Enquanto nas outras escolas e contextos a diferença de idade é considerada um obstáculo para a gestão do currículo, na nossa escola, passou a ser um belo ponto de partida, inegável, nas relações entre as pessoas. Ao contrário da escola da transmissão, baseada no ensino dos saberes, em que a diferença perturba a ação do instrutor que assegura a transposição didática, aqui o currículo integra-se nos projetos de trabalho desenvolvidos por crianças e adultos

Baseamos o nosso trabalho na apropriação do conhecimento, recorrendo à heterogeneidade do grupo. Como tal, nunca é objetivo normalizar ou homogeneizar as pessoas. Não se pretende colocar ninguém de parte devido a variáveis que existam entre as pessoas, seja em termos de idade, história de vida, conhecimento ou de pontos de vista. Diariamente, tentamos cruzar estes elementos com o conhecimento que cada um transporta consigo.

É tudo sobre as diferenças que existem entre nós. Estimulamos o convívio, a explicitação de ideias e a definição de uma plataforma de trabalho na qual não se pretende de submissa e acrítica concordância. Pretendemo-la de diálogo constante, de continuada concordância e discordância.

Não é o nosso intuito criar uma escola pensada na ideia das crianças aprenderem a relação laboral, que consiste em negociar o tempo de trabalho vendido e comprado, como preparação para o mercado de trabalho, como explica Enguita (1998). Este autor lembra-nos existir uma clara relação entre a organização do trabalho industrializado e a organização da instrução escolar, dividido em pacotes de tempo precisos.

O proposto na escola da Ajuda — e em que se baseia o seu trabalho — é que para as pessoas se apoderarem do conhecimento, a organização deve basear-se na produção de obras originais, que partam das curiosidades ou vontades de alguns e que são depois negociadas entre todos, para serem posteriormente comunicadas ao grupo. Sabemos que, entre crianças, nem sempre são necessariamente os mais novos que aprendem com os mais velhos.

O modo de trabalho assenta no paradigma da comunicação. Recorremos à aprendizagem dialogada.
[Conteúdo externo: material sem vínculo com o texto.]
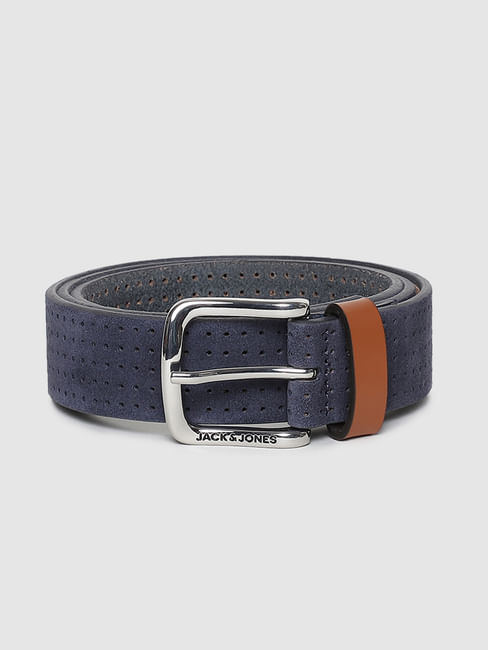 Dark Blue Patterned Leather Belt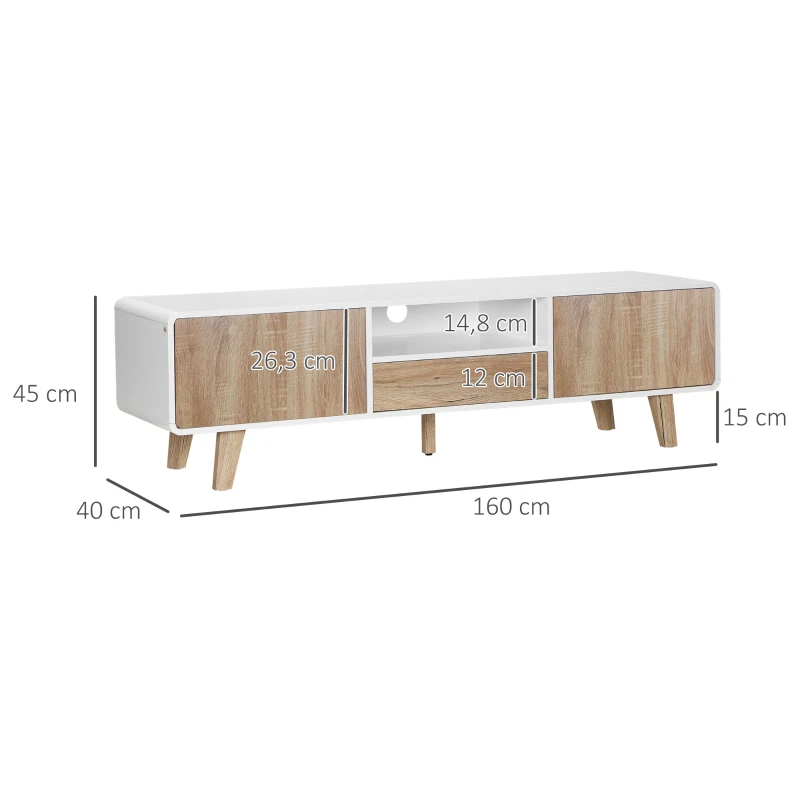 HOMCOM Meuble TV Bas sur Pied Style scandinave 2 Portes Niche tiroir MDF Blanc Aspect chêne Clair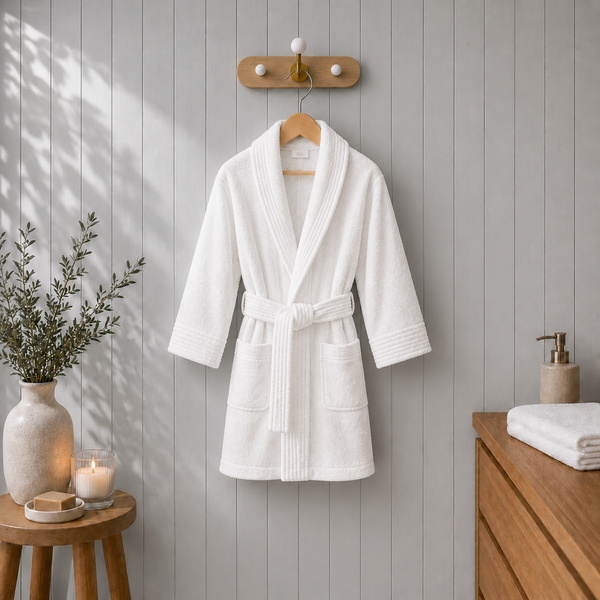 Bata de Baño Kimono Velour 500 gr Blanco Optico Petite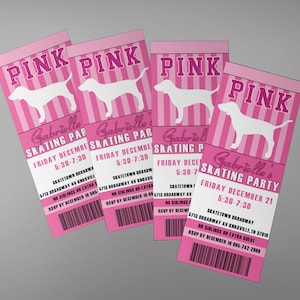 Victoria secret invitation ticket, Victoria secret pink ticket, Victoria secret birthday invitation, Victoria secret pink invite, printable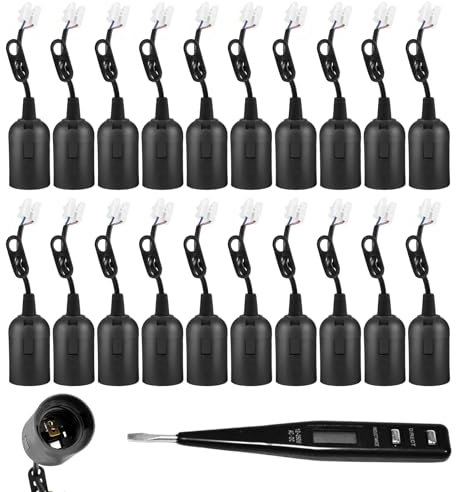 HOSPAOP 20 Stück Fassung E27 Lampenfassung mit Kabel, Baufassung E27 Renovierfassung Baustellenfassung, E27 Ersatzfassung Glühbirnen Fassung, Schwarz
Cada pessoa do grupo traz elementos da sua história de vida, da bagagem pessoal, a busca do conhecimento e gera assim aprendizagem.

Pretende-se estimular a apropriação do conhecimento e a produção de olhares originais sobre este mesmo conhecimento. As crianças são convidadas a pensar em conjunto, partindo de pontos de vista diferentes.

Os projetos de aprendizagem são a atividade principal dos grupos.

Com esta organização, todos participam em comunidades diversas em todos os aspetos, pois assim, o acesso ao conhecimento e às ferramentas de comunicação está facilitado. A gestão do tempo é feita em função desses mesmos projetos de aprendizagem

Nas turmas seriadas, pede-se que cada aprendente tenha uma atitude colaborante com a ação do professor. Todo o saber necessário aos alunos é organizado pelo professor, pronto a consumir por cada um. Aqui, pretende-se a cooperação, a construção de obra em conjunto. Queremos fomentar o pensamento crítico, a partilha de ideias, o aprender com o outro, a amizade.

Sabemos, através da investigação que tem sido feita relativa às comunidades de aprendizagem, que a interação com pares ganha com a diferença entre pessoas. Investimos diariamente para criar uma comunidade de autores cooperantes e procuramos impedir a existência de uma classe de operários executantes, colaboradores de um projeto em cuja génese não participaram activamente.

Importa ainda dizer que nós não inventámos nada. Apenas nos queremos distanciar da escola Lassaliana. Não queremos uma escola em que o aprendente é apenas um objeto da ação do docente. Queremos uma escola que forma cidadãos que pensam, que intervêm, que participam ativa e conscientemente no mundo em que vivem.